Pues mira ahora a los primeros Apóstoles de esta Religión Santa: míralos, de cobardes e ignorantes pescadores que eran, convertirse de repente en sabios profundísimos y valientes triunfadores. Ellos hablan todas las lenguas; ellos asombran con su doctrina, tanto como, con sus milagros. Ellos mueren para confesar a su divino Maestro, y en pos de ellos vienen millares de sucesores de su apostolado, predicando su misma doctrina, triunfando sobre todos los errores y muriendo también mártires de la fe que confesaban.
Oye ahora, hijo mío, las profecías del mismo Jesucristo; mira después como todas ellas se han cumplido y se están cumpliendo a tus propios ojos.
Anunció Jesucristo que las puertas del infierno no prevalecerían contra su Iglesia, es decir, que ni la persecución de los tiranos, ni la perversidad de los herejes, ni la malicia del mundo, serían capaces de impedir que perpetuamente se confesara su nombre, se adoraran sus altares y se siguiera su doctrina. Y ahí tienes a su Iglesia, al cabo de diecinueve siglos de fundada, sin que el odio de sus enemigos le haya quitado predicar, confesar y propagar la doctrina enseñada por su Divino fundador.
Anunció Jesucristo que los judíos, sus matadores, en castigo de la ceguedad y la malicia con que se cebaron en la sangre del Justo, no desaparecerían de sobre la tierra, y que andarían perpetuamente vagando por el mundo, sin patria y sin honra.
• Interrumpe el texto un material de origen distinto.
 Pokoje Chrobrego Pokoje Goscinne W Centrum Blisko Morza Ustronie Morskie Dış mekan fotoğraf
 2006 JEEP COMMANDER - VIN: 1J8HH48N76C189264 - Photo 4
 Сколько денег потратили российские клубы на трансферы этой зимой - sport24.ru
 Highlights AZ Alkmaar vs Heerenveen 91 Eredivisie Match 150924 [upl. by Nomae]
Y ahí los tienes que, mientras desaparecen del mundo razas y naciones de que ya no queda memoria, ellos viven diseminados por la tierra, siempre perseguidos, siempre escarnecidos por todas las generaciones de todos los pueblos.
¿Qué más pruebas quieres que éstas? Y si algo te falta todavía, contempla la santa vida de los cristianos verdaderos comparada con la natural corrupción y flaqueza de los hombres. Mira los cambios que esta Religión produce en los países donde penetra, haciendo que los ignorantes se vuelvan sabios, que los crueles se tornen benignos, las esclavos se hagan libres; trocando, en fin, las leyes y costumbres más bárbaras y feroces en suavidad y cultura.
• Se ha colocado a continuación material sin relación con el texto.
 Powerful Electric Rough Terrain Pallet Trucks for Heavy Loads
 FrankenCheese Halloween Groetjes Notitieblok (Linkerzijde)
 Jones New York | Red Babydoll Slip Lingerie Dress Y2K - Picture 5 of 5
Cuando todo pasa en el mundo, solo el Catolicismo está en pie con sus dogmas, su doctrina, su apostolado, su sacerdocio, tales como los fundó Jesucristo. ¿Qué más pruebas quieres? ¿Puedes dudar, por lo que ven tus ojos, y tu razón penetra, y tus oídos oyen: puedes dudar de que esta Religión, como única que es revelada por Dios, es la única verdadera, la única buena? ¿Cuál otra pudieras comparar con ella? Sí, sí, hijo mío, ella sola nos enseña la verdad respecto a Dios y a sus obras, respecto a nuestra naturaleza, a nuestro origen, al fin con que hemos sido criados, a nuestras obligaciones y a nuestro paradero después de esta vida.
Todas las demás religiones de que oigas hablar son pura mentira, son mera invención de los hombres, Y si acaso se parecen en algo al Catolicismo, es a la manera que la moneda falsa se parece a la de buena ley.
Respecto a la religión judía, debo, sin embargo, advertirte que tiene de especial al haber sido verdadera antes el Cristianismo, porque, como te dejo indicado, ella era figura y preparación del advenimiento de Jesucristo; pero después que vino al mundo el Mesías Jesucristo, ya no es verdadera, ni tiene precio alguno. Se la puede comparar con el andamio de una obra, que no sirve sino para construirla, y que después de construirla, se quita y aparta como un estorbo.
No vuelvas, pues, en tu vida, a decir que todas las religiones son buenas, pues semejante blasfemia, o es una maldad o es una tontería. Maldad, si se dice por indiferencia; tontería, si se dice por ignorancia o por falta de seso.